Segundo Al Hussein, as autoridades do país precisam demonstrar que estão comprometidas com o Estado de Direito e investigar os crimes admitidos.

“As mortes provocadas pelo presidente das Filipinas na época em que era prefeito, admitidas por ele mesmo, constituem claramente assassinatos”, disse o alto-comissário da ONU para os Direitos Humanos. “Seria impensável para qualquer sistema judicial funcional não lançar uma investigação e procedimentos judiciais quando alguém admite abertamente ser um assassino”, acrescentou.

De acordo com o Escritório do Alto Comissariado das Nações Unidas para os Direitos Humanos (ACNUDH), Duterte disse a líderes empresariais na semana passada ter feito pessoalmente patrulhas pelas ruas do país com sua motocicleta e matado pessoas.
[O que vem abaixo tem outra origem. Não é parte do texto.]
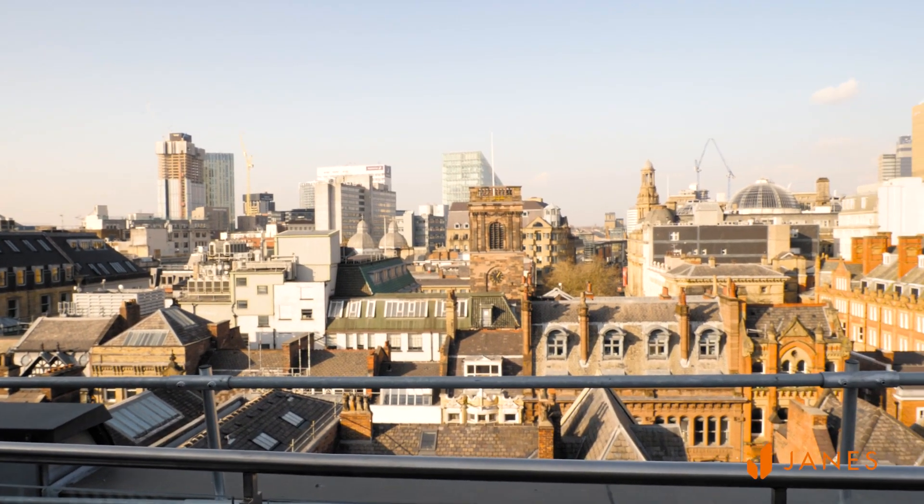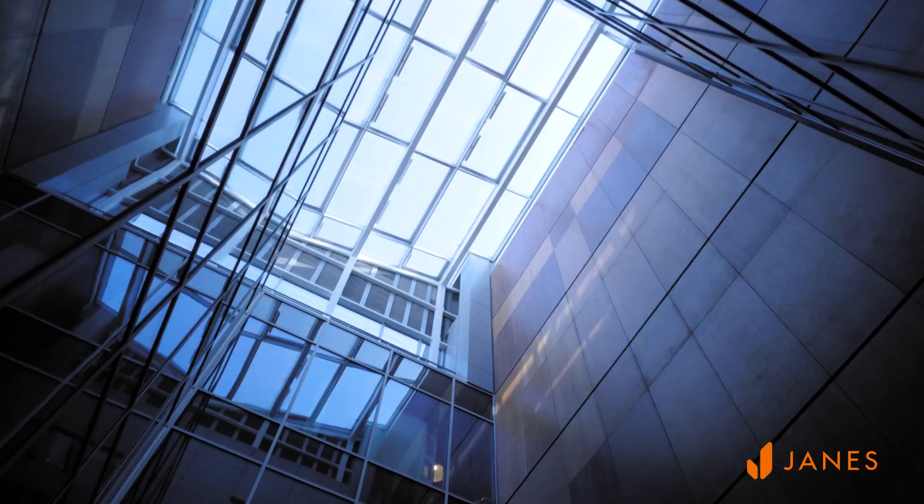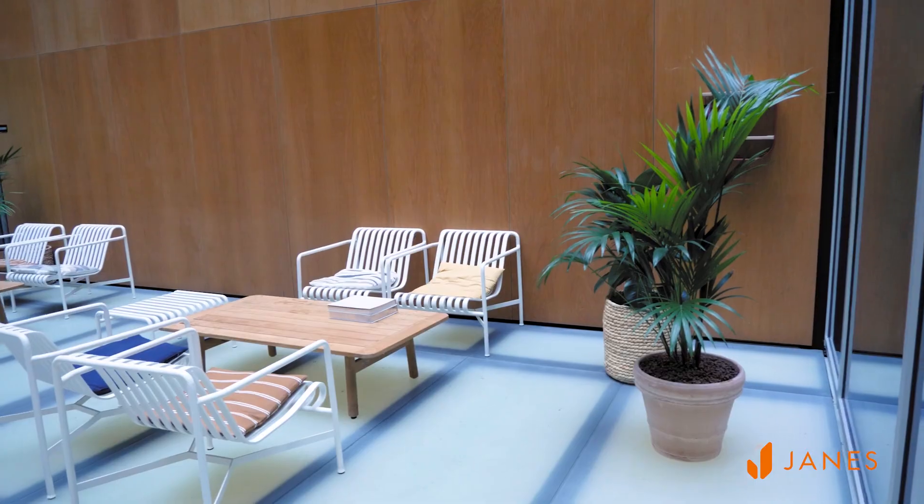We've created this center in Manchester alongside the already great centers we've got in Bangalore and in London. The team we're going to have up here is really going to focus on cognetics, the AI, and the data complexity — doing some really complex data modeling and complex data analytics.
Na sexta-feira, em entrevista à BBC, ele confirmou que matou pessoalmente “cerca de três” pessoas durante seu mandato como prefeito de Davao.
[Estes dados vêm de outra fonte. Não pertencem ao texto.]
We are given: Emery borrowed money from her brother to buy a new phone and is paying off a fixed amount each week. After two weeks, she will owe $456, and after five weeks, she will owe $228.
“Os assassinatos descritos pelo presidente Duterte também violam o direito internacional, incluindo o direito à vida, a viver livre da violência e do uso da força, ao devido processo legal e a um julgamento justo, à proteção igualitária diante da lei e à presunção de inocência”, disse Zeid, acrescentando que Duterte, como uma autoridade governamental, encorajou outros a seguir seu exemplo, o que também pode se configurar incitação à violência.
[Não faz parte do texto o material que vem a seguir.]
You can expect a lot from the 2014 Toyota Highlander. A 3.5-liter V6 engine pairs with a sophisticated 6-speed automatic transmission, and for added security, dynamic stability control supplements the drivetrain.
Zeid também disse que os recorrentes pedidos de Duterte para que policiais, militares e o público em geral se engajassem na “guerra às drogas”, capturando pessoas “vivas ou mortas”, levou a um ambiente de impunidade alarmante e violência. Segundo ele, as mensagens indicando impunidade para policiais que cometessem violações dos direitos humanos eram “uma direta violação de todas as garantias democráticas que foram estabelecidas para garantir a justiça e o Estado de Direito”.

O ACNUDH disse que, desde que Duterte assumiu a presidência, em 30 de junho, mais de 6,1 mil pessoas foram mortas pela polícia, por seguranças privados ou mercenários, aparentemente agindo em resposta à “guerra às drogas” anunciada pelo presidente.

“Em seus comentários públicos na semana passada, Duterte prometeu que ‘enquanto houver traficantes de drogas, esta campanha continuará até o último dia de meu mandato e até que todos eles sejam mortos’”, disse o ACNUDH.

“Investigações credíveis e independentes precisam ser urgentemente reabertas sobre os assassinatos em Davao, assim como sobre o número chocante de mortes que ocorreram pelo país desde que Duterte se tornou presidente”, disse Al Hussein.

“Os perpetradores (dos crimes) precisam ser levados à Justiça, enviando uma forte mensagem de que violência, assassinatos e violações aos direitos humanos não serão tolerados pelo Estado e de que ninguém está acima da lei”, declarou o alto-comissário.

Zeid também pediu que o governo retire uma série de pré-condições impostas à visita do relator especial da ONU para execuções sumárias. A missão do especialista tem o objetivo de investigar assassinatos extrajudiciais de suspeitos de envolvimento com o tráfico de drogas.